Avevo proprio voglia di vederlo, Happy Family. Un po' perché dopo il pugno sullo stomaco di Come Dio comanda ci voleva proprio una bella commedia leggera. E poi non che sia un fan di Salvatores, però mi piace. E' uno dei pochi registi in Italia che ha almeno un po' di voglia di spaziare tra le storie e i generi.

La maggior parte dei cosiddetti autori italiani, passano la vita a fare sempre lo stesso film: Veronesi, Ozpetek, non parliamo di Virzì… Salvatores invece, cambia in continuazione pelle, ha voglia di sperimentare. Per questo mi piace, nonostante abbia più tic di Nanni Moretti.

Poi, belli o meno belli, i film di Salvatores una qualche garanzia la offrono sempre. Quindi ero proprio curioso di andarlo a vedere, Happy Family. E poi il metacinema… cosa potrebbe esserci di più divertente?

Metacinema, sì, e meta cagata pazzesca.

Non che non abbia fatto qualche opera minore, il premio Oscar, vedi Amnésia. Ma un film ignobile come questo, no, non l'avevo visto mai.

Film, poi? Francamente chiamarlo film mi sembra davvero eccessivo. Chiamiamolo cabaret, avanspettacolo, situation comedy. Ma col cinema, Happy Family, non c'entra proprio niente.

Cosa si salva, in questo misero prodotto di noiosa televisione?

Fabio De Luigi che fa Fabio De Luigi? Uscito pari pari da Love Bugs o da un filmaccio di Carlo Vanzina?

Oppure Diego Abatantuono che fa Diego Abatantuono? Sempre più imbolsito e  ripetitivo, che non recita più dai tempi di Io non ho paura e arriva sul set di questo cosiddetto film pari pari come ne è uscito dalla pubblicità della Buitoni?

O ancora Margherita Buy che fa Margherita Buy? Grande attrice, sì sì, ma congelata nello stesso personaggio da almeno quindici anni.

E che dire poi di Fabrizio Bentivoglio? Nel film muore, nella realtà è già imbalsamato e si stenta a credere che un tempo ormai lontano fosse uno dei più grandi attori italiani.

Carla Signoris, infine. Lei ce la mette tutta per dimostrare che sa recitare, ma la sceneggiatura non le permette nemmeno di tratteggiare una decente maschera da commedia dell'arte, e si ferma alla maschera. Quella di carnevale.

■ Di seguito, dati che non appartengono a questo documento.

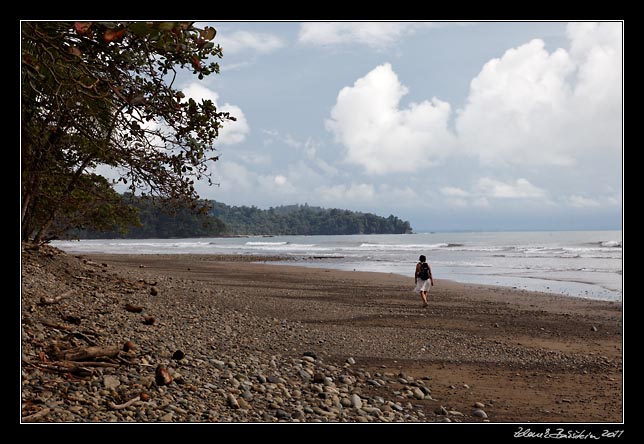 Costa Rica - Pacific coast - playa Balena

E i giovani sono bravi? E come si fa a dirlo, con personaggi così stereotipati, così banali e prevedibili e noiosi allo stesso tempo? Fanno quello che devono fare.

La trovata – in realtà banalissima – del film nel film – è risolta nel modo più prevedibile e infantile, senza nemmeno una – dico una – trovata minimamente sensata e originale.

Più che un film, Happy Family sembra uno sketch del Mai dire gol insopportabilmente prolisso e pretenzioso.

Perché Salvatores non ci risparmia nessuna delle trovate più becere e banali che la sua mente è riuscito a partorire (ma che sarebbe stato capace di trovare qualsiasi cabarettista dilettante): dall'ennesima prova-costume alla trombata dei cani degna del peggior Boldi-De Sica, dal ragazzino saccente e frocetto alla vecchietta rincoglionita fino alle impacciate dichiarazioni d'amore dei protagonisti.
Il tutto condito con filosofia d'accatto, musica ruffiana usata al modo di Aldo, Giovanni e Giacomo  (e cioè finalizzata a  spacciare per poetiche le sequenze più inutili), citazioni cinefile (vedi la frase di Groucho Marx divenuta slogan del film), notturni di Chopin, autocitazioni e la solita morale fricchettona di Salvatores, che si esaurisce in sostanza sul quanto faccia bene e sia liberatorio farsi le canne.

E in effetti, usciti dal cinema, viene solo voglia di stordirsi, in un modo o nell'altro. Sicuramente sarà più divertente.